*Given data:*
/---
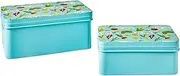 Friendly Turquoise Rectangular Boxes Set 1/2 EAT Green Buy Local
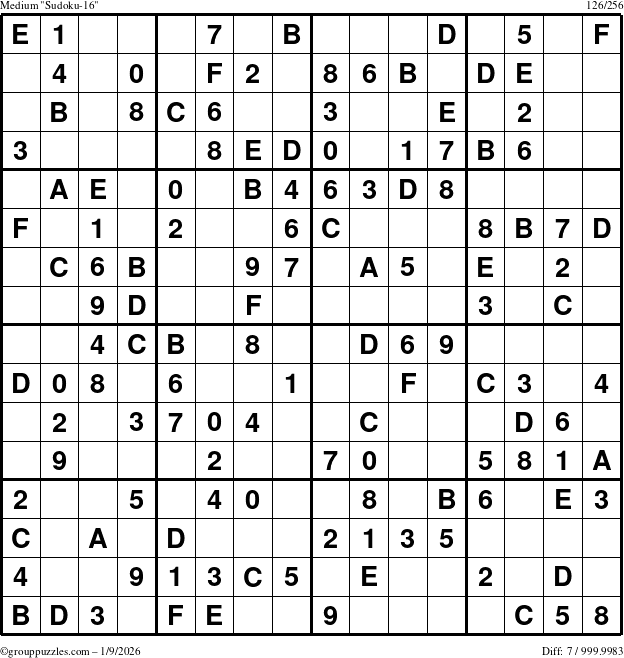 The grouppuzzles.com Medium Sudoku-16 puzzle for Friday January 9, 2026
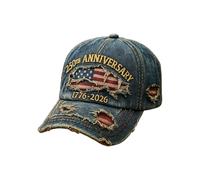 Generisch Gorra de bandera de Estados Unidos, 1776 - 2026, gorras de béisbol vintage, para mujeres, hombres, patriotas, deportes al aire libre, 4 de julio, día de la independencia, desfile de camping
\---
*Work item:* Nothing but the lines from the beginning of the material above through the line containing "The grouppuzzles.com Medium" should appear in the answer, copied exactly and free of pictures.

*Exercise answer:*
 Friendly Turquoise Rectangular Boxes Set 1/2 EAT Green Buy Local
 The grouppuzzles.com Medium Sudoku-16 puzzle for Friday January 9, 2026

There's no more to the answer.